In such service we become Britain at its best. We know how to celebrate - as again last year in the Olympics. We know how to comfort and grieve – as on the streets of Woolwich, in the courage of passersby and police.

Yet we are not always and everywhere at our best. We celebrate today not liberty by itself, which in human weakness turns to selfishness, but liberty under the authority of God. We are never more free, nor better than when we are under the authority of God.

The coronation was an ordination, a setting aside of a person for service. Once anointed, Her Majesty received symbols, symbols so monumental that they are only bearable by the grace and strength of God.

They were symbols of service as well as of leadership and authority. Hear the words spoken to Her Majesty as she received the sword:

With this sword do justice,
stop the growth of iniquity,
protect the holy Church of God,
help and defend widows and orphans,
restore the things that are gone to decay,
maintain the things that are restored,
punish and reform what is amiss,
and confirm what is in good order:
that doing these things you may be glorious in all virtue;
and so faithfully serve our Lord Jesus Christ in this life,
that you may reign for ever with him
in the life which is to come.

Small tasks! Tasks that are shared and renewed in a free democracy under authority. The symbols and words point us to our deepest understanding of the nature of power, which is found neither in pomp and circumstance, nor in public displays, but in radical commitment, single-minded devotion and servant leadership.

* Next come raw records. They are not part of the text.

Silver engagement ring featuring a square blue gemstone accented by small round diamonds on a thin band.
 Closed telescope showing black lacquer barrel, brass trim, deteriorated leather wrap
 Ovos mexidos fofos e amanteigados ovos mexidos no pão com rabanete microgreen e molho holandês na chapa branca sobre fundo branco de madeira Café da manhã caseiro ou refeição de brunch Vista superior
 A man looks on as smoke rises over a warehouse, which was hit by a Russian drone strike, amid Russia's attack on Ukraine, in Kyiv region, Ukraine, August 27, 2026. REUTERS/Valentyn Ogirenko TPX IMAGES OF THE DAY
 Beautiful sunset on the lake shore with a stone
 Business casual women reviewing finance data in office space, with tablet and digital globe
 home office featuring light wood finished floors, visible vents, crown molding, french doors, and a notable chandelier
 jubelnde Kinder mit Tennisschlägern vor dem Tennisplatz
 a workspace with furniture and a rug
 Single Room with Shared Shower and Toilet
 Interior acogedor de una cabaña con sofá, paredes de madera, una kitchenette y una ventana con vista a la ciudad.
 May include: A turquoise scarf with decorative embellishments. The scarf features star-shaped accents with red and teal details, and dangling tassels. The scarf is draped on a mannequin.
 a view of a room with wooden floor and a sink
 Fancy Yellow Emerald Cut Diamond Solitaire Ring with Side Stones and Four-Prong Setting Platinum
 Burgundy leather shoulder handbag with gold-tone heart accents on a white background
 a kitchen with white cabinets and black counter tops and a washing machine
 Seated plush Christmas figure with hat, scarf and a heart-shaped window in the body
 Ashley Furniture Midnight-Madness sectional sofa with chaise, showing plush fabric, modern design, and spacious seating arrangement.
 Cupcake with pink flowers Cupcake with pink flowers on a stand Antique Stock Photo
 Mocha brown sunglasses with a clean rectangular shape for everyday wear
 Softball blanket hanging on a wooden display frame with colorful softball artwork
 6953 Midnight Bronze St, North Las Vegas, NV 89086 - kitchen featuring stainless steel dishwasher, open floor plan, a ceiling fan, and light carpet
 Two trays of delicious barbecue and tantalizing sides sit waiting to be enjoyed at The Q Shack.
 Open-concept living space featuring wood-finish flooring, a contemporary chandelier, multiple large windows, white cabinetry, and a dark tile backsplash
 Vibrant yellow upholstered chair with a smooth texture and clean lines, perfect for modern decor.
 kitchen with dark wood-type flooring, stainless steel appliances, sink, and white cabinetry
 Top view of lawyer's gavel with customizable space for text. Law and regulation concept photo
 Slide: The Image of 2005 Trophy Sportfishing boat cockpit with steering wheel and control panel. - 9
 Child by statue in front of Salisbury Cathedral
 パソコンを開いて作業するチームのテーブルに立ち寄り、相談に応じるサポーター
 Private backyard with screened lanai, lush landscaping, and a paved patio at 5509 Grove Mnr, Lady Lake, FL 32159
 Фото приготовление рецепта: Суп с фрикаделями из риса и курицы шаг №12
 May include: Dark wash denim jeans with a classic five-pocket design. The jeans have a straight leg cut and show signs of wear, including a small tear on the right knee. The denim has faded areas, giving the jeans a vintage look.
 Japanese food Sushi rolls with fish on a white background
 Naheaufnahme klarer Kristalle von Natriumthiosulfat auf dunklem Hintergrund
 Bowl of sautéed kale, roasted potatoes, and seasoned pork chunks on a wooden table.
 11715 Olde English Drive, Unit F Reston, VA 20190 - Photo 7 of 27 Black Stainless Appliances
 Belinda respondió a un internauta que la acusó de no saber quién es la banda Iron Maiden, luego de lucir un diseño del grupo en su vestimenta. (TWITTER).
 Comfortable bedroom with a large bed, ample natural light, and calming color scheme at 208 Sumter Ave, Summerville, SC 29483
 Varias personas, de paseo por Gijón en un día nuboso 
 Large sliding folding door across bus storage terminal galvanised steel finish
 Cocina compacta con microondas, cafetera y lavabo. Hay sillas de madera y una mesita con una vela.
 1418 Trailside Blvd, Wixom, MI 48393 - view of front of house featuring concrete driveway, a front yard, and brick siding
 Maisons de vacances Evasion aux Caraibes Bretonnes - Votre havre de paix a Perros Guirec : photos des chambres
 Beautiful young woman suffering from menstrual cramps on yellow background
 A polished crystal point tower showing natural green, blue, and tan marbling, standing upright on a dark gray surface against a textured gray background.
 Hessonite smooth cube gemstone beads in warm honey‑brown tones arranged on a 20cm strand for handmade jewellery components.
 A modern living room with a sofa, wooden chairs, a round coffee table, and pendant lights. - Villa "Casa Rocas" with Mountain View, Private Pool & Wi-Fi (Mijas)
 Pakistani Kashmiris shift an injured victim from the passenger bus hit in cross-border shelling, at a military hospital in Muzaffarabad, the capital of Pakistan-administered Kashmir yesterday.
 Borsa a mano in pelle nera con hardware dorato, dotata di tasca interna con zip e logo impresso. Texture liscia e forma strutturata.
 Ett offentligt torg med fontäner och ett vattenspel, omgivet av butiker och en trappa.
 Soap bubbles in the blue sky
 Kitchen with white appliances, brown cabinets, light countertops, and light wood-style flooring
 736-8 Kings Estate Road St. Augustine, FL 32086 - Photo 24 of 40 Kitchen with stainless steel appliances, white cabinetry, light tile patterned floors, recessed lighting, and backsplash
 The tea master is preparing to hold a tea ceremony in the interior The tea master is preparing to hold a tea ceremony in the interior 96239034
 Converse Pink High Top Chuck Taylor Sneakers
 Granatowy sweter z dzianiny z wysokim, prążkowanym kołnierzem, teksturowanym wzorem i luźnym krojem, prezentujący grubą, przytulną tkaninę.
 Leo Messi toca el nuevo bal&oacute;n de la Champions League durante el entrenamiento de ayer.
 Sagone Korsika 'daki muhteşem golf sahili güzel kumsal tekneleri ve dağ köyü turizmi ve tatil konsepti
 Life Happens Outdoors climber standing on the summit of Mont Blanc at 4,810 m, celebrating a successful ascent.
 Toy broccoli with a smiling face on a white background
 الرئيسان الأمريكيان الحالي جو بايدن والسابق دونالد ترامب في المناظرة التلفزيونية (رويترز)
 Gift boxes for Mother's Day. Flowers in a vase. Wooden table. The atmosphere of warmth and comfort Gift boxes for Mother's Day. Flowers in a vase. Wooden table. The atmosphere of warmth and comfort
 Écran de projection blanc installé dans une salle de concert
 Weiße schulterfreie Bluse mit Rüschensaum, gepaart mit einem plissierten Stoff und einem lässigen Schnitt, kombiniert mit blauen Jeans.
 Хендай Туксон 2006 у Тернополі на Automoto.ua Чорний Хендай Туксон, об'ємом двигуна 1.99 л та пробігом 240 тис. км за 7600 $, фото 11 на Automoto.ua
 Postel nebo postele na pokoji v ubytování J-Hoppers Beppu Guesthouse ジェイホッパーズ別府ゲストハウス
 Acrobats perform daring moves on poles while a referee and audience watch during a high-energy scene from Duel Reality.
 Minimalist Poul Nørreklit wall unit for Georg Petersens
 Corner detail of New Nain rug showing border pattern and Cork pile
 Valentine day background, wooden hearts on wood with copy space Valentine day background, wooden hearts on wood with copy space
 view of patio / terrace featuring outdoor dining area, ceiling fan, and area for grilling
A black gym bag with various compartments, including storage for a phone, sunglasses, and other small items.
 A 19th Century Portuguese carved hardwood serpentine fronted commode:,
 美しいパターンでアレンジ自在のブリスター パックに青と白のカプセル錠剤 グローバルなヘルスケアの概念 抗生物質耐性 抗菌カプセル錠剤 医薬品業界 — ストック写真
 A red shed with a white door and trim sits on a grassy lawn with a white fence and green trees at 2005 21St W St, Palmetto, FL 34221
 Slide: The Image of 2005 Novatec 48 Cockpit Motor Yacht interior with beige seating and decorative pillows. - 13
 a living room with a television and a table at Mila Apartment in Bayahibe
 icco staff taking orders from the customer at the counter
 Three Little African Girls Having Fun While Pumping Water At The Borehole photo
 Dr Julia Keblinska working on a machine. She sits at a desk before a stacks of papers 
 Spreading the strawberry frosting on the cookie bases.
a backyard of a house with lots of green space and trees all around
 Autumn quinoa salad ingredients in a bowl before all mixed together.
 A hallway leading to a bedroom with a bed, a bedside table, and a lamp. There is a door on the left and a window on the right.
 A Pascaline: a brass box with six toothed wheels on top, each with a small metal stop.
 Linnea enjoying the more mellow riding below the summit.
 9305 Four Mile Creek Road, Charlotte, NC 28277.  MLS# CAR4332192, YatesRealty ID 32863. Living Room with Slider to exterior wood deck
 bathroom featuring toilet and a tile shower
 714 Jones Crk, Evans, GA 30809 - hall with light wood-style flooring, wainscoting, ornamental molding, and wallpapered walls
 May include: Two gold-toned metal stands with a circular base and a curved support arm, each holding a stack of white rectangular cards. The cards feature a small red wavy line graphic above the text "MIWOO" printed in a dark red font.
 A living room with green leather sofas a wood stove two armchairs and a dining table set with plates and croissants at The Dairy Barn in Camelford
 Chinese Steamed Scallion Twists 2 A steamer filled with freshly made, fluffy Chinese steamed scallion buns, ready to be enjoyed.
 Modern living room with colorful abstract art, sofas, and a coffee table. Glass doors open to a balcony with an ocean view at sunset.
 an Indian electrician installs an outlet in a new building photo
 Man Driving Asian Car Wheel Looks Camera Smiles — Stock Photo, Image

And for that we give thanks today.

The very nature of being British follows this simple logic. It is founded on liberty under authority. It imitates the example of Jesus who did not count equality with God a thing to be grasped, but humbled himself and took the form of a slave. In Jesus is seen the greatest servant of all, whose service gives us freedom, whose love is generously offered to each of us.

Her Majesty The Queen is servant of the King of kings, and so she serves us, as we serve her, in liberty and under authority. It is a system that points to freedom in God, in whose love alone we are fully human, fully free.